Spaces:
Sleeping
Sleeping
A newer version of the Streamlit SDK is available:
1.40.1
metadata
title: Yume
emoji: ✨
colorFrom: green
colorTo: blue
sdk: streamlit
sdk_version: 1.29.0
app_file: interface.py
pinned: false
license: openrail
Yume (夢)
Yume is a Japanese LLM (Large Language Model) with 1.5 billion parameters, inspired by Andrej Karpathy. It is trained on dialogues from anime and manga, aimed at generating anime dialogues. Future plans include creating a better version, Yuumi, which will be a lightweight LLM for daily tasks.
Features
- Large language model for Japanese
- Trained on anime and manga dialogues
- Configurable with various model sizes
- Supports pretraining and fine-tuning
- Integrates with Hugging Face for model management
Usage
Sampling Text
You can use Yume to generate text samples. Here's an example:
from yume import Yume
from yume.config import yume_small
# Optional: Create a custom config if needed
# dummy_config = Config(...)
# Initialize the Yume model with a pre-defined small configuration
yume = Yume(config=yume_small)
# Load a pretrained model from the specified path
yume.load_pretrained('zaibutcooler/yume')

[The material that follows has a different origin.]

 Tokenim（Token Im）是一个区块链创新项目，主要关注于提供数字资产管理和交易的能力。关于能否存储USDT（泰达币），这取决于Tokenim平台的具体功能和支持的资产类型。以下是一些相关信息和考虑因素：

# Generate a sample with the prompt '犬とは' (What is a dog?)
yume.sample('犬とは')
Training the Model
You can also train Yume with your own dataset. Here’s how you can do it:
from yume import Yume
from yume.dataset import Trainset
from yume.config import yume_medium, Config
# Initialize the dataset with the desired URL
dataset = Trainset(dataset_url="zaibutcooler/nihon-wiki")
# Build the dataset
dataset.build_dataset()
# Optional: Create a custom config if needed
# dummy_config = Config(...)
# Initialize the Yume model with a pre-defined medium configuration
yume = Yume(config=yume_medium)
# Pretrain the model with the dataset
yume.pretrain(dataset)
# Optional: Fine-tune the model with the dataset
# yume.fine_tune(dataset)
# Optional: Upload the model to Hugging Face
# yume.huggingface_login("your_hf_tokens")
# yume.save_pretrained("zaibutcooler/yume")
License
This project is licensed under the MIT License. See the LICENSE file for details.
Acknowledgements
This project is inspired by Andrej Karpathy and utilizes dialogues from various anime and manga sources for training.